Cette partie du film sera parfaitement adaptée pour présenter cette année 1956 pendant la guerre froide. Le commentaire reprend quand même largement les thèses israéliennes de l’époque, et cet argumentaire sur le droit venu de la bible des hébreux à occuper cette terre.

Arabes ou Palestiniens ?

On fait le lien d’ailleurs entre épisode et le procès Eichmann organisé bien après 1956, en 1960 après un enlèvement. La vision que les français des années soixante avaient d’Israël était celle d’un peuple capable de fertiliser le désert, avant que le Général de Gaulle ne crée la « politique arabe de la France ».
La guerre des six jours est également présentée comme une agression égyptienne liée à la volonté de Nasser d’asphyxier l’état hébreu. La décision israélienne de frapper en premier est justifiée par le commentaire même si les images rendent bien compte de la supériorité de Tsahal notamment sur le plan aérien.
Toutefois, on évoque en incidence le problème qu’Israël aura à gérer. La présence dans les territoires occupés de près d’un million de palestiniens. (Le commentaire dans le film parle plutôt des arabes.)

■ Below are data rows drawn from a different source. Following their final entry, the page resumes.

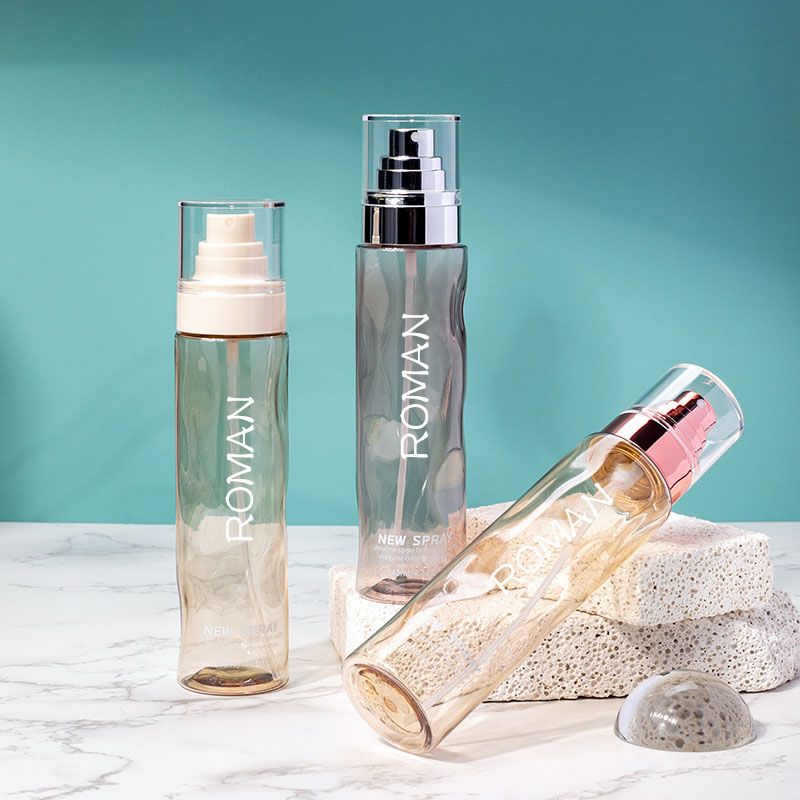 ล้างรอบเครื่องสำอางพลาสติกสเปรย์ขวดหมึกที่ว่างเปล่า100มิลลิลิตร120มิลลิลิตรมูลนิธิโลชั่นบำรุงผิวด้วยซิลเวอร์โกลด์เซรั่มขวดปั๊ม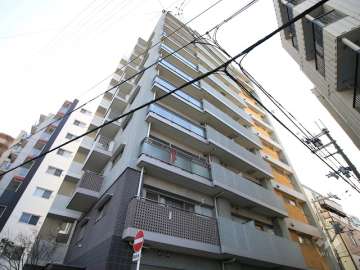 プレステージ北大阪ブライトスクエアの外観（北西側から）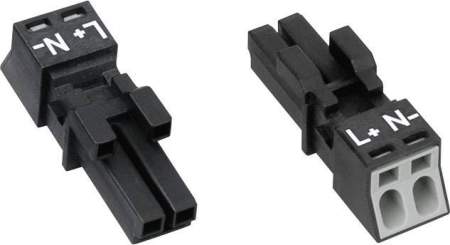 Разъем питания сети WAGO 890-222, 2 pin, 0.25мм² - 1.5мм², 250В, 16А, (1 шт)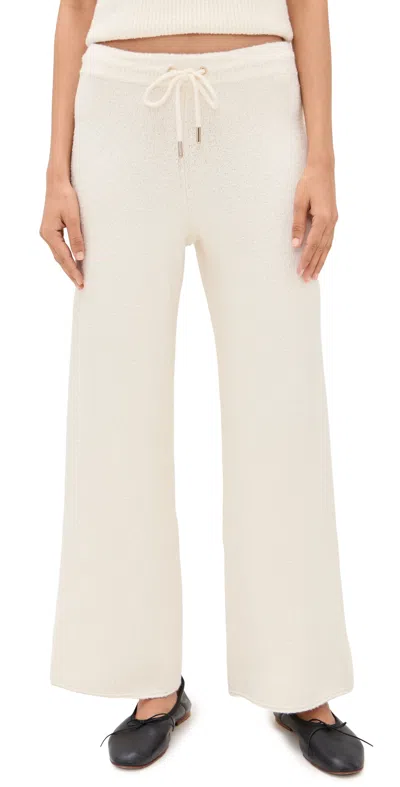 Splendid X Cella Jane Boucle Sweater Pants Snow In White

Le film s’achève sur une image forte, celle de Moshe Dayan déposant, selon la tradition, un vœu dans les interstices des pierres du mur des lamentations, sanctionnant ainsi la conquête de la totalité de la ville trois fois sainte. Dans ce film, on ne saura pas par exemple que le mur des lamentations cerne ainsi le troisième lieu saint de l’Islam.
Il est évident que ce film à lui tout seul ne pourra pas remplacer un cours sur le conflit israélo-arabe. On pourra par contre et avec profit, montrer de nombreuses séquences permettant de bien faire comprendre le contexte de l’époque et aussi les données du problème fondamental. 40 ans après, le peuple palestinien se voit nier son droit à l’existence et cela le conduit à une radicalisation qui sert de terreau au terrorisme. Le mur de Jérusalem n’est pas simplement celui des lamentations, il est celui de l’incapacité des Etats et des hommes à s’entendre dès lors que le conflit s’entretient de façon permanente depuis tant d’années.